Le cadre de cette intrigue est la station Graf de l'Union des Habitats Libres où vivent les
Quaddies, des humains génétiquement modifiés dont les jambes ont été remplacées par des bras, pour une meilleure adaptation à l'apesanteur. La naissance de cette colonie marginale avait été évoquée dans un roman qui n'appartient pas à la
Saga Vorkosigan :
Opération Cay. Pour le héros, l'Auditeur impérial Miles Vorkosigan, la présente mission s'annonce comme une corvée. L'Empereur barrayaran lui demande d'interrompre son voyage de noces, afin de mettre un terme à un incident diplomatique mineur en apparence. Un officier des troupes barrayaranes escortant une flotte de commerce en transit sur la station Graf a disparu. Soupçonnant un assassinat, les autres militaires ont ouvert le feu contre les Quaddies. Par mesure de rétorsion, ces derniers interdisent à la flotte de reprendre le chemin de l'espace. Miles constate très vite que l'incident est grave et ses implications multiples.
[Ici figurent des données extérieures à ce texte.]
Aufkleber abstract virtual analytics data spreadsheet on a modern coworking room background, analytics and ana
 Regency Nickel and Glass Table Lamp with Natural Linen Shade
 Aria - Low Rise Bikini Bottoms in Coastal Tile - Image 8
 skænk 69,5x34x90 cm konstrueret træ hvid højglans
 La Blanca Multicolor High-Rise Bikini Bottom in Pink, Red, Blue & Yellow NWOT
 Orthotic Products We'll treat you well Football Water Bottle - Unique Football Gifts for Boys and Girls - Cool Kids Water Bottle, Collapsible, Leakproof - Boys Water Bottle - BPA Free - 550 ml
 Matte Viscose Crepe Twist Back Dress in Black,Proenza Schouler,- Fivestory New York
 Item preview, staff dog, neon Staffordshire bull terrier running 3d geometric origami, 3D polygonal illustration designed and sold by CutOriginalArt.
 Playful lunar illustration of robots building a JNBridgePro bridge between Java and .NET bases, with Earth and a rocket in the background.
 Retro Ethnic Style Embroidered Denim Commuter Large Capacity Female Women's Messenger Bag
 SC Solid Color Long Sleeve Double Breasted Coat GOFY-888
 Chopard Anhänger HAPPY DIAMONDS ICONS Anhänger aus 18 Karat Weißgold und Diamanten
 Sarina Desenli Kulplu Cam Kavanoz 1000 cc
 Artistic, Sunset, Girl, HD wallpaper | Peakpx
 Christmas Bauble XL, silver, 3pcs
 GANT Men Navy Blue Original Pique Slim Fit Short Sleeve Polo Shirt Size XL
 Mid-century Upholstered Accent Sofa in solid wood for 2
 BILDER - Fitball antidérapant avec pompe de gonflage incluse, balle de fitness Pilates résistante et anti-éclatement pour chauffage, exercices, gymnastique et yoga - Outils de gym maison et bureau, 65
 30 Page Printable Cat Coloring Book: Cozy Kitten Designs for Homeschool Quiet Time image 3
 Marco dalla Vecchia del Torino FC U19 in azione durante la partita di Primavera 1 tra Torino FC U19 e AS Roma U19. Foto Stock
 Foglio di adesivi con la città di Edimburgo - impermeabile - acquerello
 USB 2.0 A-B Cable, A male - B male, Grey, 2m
Il lui faudra faire preuve d'une grande finesse diplomatique et d'un talent d'enquêteur hors pair, mais aussi mettre sa vie en jeu pour éviter une guerre entre l'Empire barrayaran et son rival, l'Empire cetagandan.
Avec
Immunité diplomatique, Lois McMaster Bujold offre un agréable roman d'aventures : les personnages sont séduisants par leur diversité et l'intrigue semée de rebondissements. Empire galactique, vaisseaux, manipulations génétiques, clonage, on retrouve des thèmes classiques de la SF. Un lecteur attentif peut en outre déceler, sous l'apparence conventionnelle, une vision de l'Amérique contemporaine. La station Graf doit faire face à un chantage terroriste : une bombe bactériologique menace d'exploser. Il importe de retrouver et de désarmer le criminel sans scrupules, un être d'une autre race, inquiétant. Ce thème est cher aux scénaristes d'Hollywood, surtout depuis le 11 septembre 2001. Deux méthodes s'affrontent. Les Quaddies, soucieux de leur indépendance et très respectueux de la démocratie, veulent enquêter en appliquant strictement les lois. Miles Vorkosigan, représentant d'un Empire habitué à la violence, prône des méthodes plus expéditives. Face à un suspect, le sérum de vérité et même la torture ne lui posent aucun problème : «
Dans ce cas d'urgence, les règles militaires semblaient plus appropriées que les règles civiles. En d'autres termes, s'ils veulent nous fiche la paix, on arrachera les ongles du Ba à leur place. »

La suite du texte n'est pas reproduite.